The politics of government play a major role in our daily lives. So, living in a country where the law is decided by politicians who are not in touch with the people’s reality will lead to many challenges. This is as true in Central and South America as it is anywhere else in the world. Such politicians pass laws and continue uphold laws that deeply affect peoples lives.
El Salvador directly translated is ‘The Savior’. For women and girls seeking abortion, there is no savior in El Salvador. I am not particularly comfortable with the idea of someone having an abortion when the pregnancy is unplanned but otherwise healthy, even so, regardless of my opinion I cannot determine how someone else lives their life. The situation in El Salvador, however, is an extreme case of the government playing God.
in 1998 a new law came into effect that criminalized any form of abortion in El Salvador. The law completely disregarded the circumstances that led to the pregnancy: rape, incest, as well as the reasons behind a required abortion: a miscarriage, the mother’s life being at risk due to complications, or even having a still birth. This now meant that any woman or girl who was accused with having had an abortion would be treated as a murderer.
A case that received wide-spread coverage was that of Maria Teresa Rivera. Maria Teresa was taken to hospital after her mother-in-law found her in her bathroom almost unconscious and heavily bleeding. She had a miscarriage. After being attended to at the hospital someone in the hospital staff reported Maria Teresa to the police accusing her of having performed a self-induced abortion. She was soon arrested. Her trial was a mockery of any respect for the law. One of Maria Teresa’s bosses testified against her saying that she knew Maria Teresa was pregnancy in January 2011. Had this been true then Maria Teresa would have been eleven months pregnant at the time of the miscarriage. This outrageous testimony was used as one of the pieces of evidence to convict her. She was charged with aggravated homicide and sentenced to forty years in prison.

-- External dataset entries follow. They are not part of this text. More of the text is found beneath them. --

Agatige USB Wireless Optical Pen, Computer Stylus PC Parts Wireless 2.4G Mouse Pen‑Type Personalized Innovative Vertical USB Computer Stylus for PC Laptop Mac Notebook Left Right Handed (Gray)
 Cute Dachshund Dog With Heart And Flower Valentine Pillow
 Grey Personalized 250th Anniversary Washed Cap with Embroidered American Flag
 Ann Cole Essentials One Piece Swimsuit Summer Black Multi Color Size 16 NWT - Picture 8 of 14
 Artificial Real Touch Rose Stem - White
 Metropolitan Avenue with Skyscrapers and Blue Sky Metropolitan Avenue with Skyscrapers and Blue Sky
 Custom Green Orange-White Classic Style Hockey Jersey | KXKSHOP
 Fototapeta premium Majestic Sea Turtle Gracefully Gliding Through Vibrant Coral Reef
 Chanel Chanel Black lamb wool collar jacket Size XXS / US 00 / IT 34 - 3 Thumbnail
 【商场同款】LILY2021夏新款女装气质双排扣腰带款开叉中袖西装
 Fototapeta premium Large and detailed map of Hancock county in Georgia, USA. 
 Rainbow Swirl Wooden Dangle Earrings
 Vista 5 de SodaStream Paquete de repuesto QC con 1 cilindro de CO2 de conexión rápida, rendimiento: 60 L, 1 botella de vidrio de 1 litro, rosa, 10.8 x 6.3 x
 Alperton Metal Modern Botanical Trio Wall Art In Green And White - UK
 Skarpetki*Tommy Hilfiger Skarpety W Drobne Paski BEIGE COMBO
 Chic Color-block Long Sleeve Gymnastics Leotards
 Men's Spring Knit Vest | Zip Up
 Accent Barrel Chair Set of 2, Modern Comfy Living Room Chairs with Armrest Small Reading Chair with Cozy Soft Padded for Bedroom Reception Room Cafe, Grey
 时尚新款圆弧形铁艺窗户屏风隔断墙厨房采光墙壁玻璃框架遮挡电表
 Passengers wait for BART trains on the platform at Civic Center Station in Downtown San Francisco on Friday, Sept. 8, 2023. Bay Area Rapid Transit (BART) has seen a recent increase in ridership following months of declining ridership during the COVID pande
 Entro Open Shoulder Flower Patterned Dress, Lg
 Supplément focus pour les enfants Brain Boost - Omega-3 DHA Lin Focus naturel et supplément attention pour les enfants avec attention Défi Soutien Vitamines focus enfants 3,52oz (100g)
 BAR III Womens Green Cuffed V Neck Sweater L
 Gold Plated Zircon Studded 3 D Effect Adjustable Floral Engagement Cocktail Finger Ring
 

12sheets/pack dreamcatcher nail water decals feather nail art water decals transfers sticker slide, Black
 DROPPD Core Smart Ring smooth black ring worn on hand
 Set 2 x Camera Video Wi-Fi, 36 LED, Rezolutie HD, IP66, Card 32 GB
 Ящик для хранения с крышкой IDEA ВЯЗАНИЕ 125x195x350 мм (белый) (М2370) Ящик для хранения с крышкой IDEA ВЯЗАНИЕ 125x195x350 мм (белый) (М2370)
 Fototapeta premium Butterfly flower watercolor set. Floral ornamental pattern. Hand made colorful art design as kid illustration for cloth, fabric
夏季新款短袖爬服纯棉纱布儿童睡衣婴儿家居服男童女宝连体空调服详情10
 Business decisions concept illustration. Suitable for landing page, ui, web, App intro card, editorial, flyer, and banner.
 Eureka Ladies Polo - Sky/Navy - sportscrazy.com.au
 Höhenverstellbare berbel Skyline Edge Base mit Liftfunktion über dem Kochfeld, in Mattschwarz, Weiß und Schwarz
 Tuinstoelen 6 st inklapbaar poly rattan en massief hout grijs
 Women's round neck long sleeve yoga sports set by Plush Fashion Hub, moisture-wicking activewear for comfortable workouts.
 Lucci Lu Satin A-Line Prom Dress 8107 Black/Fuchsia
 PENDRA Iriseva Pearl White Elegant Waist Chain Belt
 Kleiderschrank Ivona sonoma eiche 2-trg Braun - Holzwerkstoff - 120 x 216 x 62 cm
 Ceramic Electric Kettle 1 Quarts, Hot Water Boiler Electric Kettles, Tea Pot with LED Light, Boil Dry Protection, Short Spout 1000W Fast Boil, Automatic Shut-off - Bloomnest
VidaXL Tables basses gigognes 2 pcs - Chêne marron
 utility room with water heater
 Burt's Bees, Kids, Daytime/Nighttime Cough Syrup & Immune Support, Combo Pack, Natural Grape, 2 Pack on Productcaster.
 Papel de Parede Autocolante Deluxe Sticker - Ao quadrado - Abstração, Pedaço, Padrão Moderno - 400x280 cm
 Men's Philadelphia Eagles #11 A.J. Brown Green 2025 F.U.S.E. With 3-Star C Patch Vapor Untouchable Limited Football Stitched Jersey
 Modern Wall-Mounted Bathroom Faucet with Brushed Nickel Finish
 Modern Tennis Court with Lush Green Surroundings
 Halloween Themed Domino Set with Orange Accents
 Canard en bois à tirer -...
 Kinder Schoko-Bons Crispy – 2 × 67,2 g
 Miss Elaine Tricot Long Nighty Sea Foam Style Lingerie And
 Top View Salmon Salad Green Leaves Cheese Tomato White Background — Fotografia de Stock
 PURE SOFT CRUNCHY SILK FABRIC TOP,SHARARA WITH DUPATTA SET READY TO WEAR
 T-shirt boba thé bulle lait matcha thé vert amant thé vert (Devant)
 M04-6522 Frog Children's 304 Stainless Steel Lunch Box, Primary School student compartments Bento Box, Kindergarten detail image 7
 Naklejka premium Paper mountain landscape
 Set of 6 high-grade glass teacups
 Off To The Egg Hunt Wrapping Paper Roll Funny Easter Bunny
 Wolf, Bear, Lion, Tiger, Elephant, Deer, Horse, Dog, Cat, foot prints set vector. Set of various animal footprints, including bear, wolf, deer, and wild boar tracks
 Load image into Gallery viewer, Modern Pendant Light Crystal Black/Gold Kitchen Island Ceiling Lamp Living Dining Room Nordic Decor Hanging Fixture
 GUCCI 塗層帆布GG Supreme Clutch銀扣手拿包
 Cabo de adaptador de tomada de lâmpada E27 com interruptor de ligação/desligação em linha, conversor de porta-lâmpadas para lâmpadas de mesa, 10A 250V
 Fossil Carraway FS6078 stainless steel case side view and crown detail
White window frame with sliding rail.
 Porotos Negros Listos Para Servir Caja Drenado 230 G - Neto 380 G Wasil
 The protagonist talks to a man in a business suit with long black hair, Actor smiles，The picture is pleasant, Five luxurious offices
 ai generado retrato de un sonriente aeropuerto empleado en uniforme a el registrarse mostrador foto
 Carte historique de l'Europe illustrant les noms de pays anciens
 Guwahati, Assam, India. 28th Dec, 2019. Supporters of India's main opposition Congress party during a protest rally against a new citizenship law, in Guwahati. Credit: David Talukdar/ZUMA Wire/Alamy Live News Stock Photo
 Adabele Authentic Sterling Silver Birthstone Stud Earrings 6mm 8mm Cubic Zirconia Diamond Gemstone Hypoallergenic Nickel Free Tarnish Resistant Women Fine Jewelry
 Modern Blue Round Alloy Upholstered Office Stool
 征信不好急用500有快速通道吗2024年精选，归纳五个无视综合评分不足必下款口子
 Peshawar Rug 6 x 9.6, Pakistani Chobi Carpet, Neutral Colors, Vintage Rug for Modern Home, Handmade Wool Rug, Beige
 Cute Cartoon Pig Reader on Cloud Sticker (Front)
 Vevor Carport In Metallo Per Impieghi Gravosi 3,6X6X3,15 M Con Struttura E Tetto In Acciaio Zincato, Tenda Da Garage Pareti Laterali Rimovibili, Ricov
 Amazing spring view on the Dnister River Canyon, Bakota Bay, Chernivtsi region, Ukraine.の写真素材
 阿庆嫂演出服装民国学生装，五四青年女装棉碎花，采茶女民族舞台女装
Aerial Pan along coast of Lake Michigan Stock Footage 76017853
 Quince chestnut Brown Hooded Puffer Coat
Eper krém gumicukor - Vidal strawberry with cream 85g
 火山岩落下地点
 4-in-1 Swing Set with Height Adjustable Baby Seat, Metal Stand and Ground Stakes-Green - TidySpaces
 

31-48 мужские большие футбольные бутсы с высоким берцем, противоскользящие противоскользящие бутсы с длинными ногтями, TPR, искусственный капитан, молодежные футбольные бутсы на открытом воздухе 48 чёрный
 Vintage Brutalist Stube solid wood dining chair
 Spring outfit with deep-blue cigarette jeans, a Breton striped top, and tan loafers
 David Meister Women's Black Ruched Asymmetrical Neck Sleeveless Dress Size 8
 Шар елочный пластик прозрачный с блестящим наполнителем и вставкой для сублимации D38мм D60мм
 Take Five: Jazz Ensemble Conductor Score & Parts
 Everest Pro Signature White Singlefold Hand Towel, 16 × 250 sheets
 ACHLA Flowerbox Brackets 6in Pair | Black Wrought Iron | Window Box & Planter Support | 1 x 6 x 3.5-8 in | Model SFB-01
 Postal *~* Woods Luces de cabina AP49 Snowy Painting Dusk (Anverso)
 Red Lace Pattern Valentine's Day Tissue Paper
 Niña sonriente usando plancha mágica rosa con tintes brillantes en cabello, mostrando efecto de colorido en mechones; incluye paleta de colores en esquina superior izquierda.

In the end Maria Teresa turned out to be one of the lucky ones. After serving four years of her sentence she was released and has now been given asylum in Sweden. It was when Amnesty International became involved that she could see her luck changing. Amnesty began a campaign against El Salvador’s extreme abortion laws and Maria Teresa’s case provided them with a strong platform to fight with. After years of campaigning, organizing petitions, writing letters to the El Salvadorian government and gaining the support of other wold governments, Maria was released after the judge concluded that there was not enough evidence to prove the charges against her.
While this is obviously a great victory for Maria Teresa, it highlights the importance of the need to continue the campaign against the abortion law in order to release the many other women unjustly imprisoned and not just individuals who have received support from organizations such as amnesty. It is a damning shame that people who are supposed to be professional such as doctors and nurses so easily report suspected abortions to the police in order to avoid accusations of collusion.
No woman should be forced to carry a dead fetus inside her womb because the law forbids her from having an abortion. That is nothing more than simple common sense, I think we can all agree on that.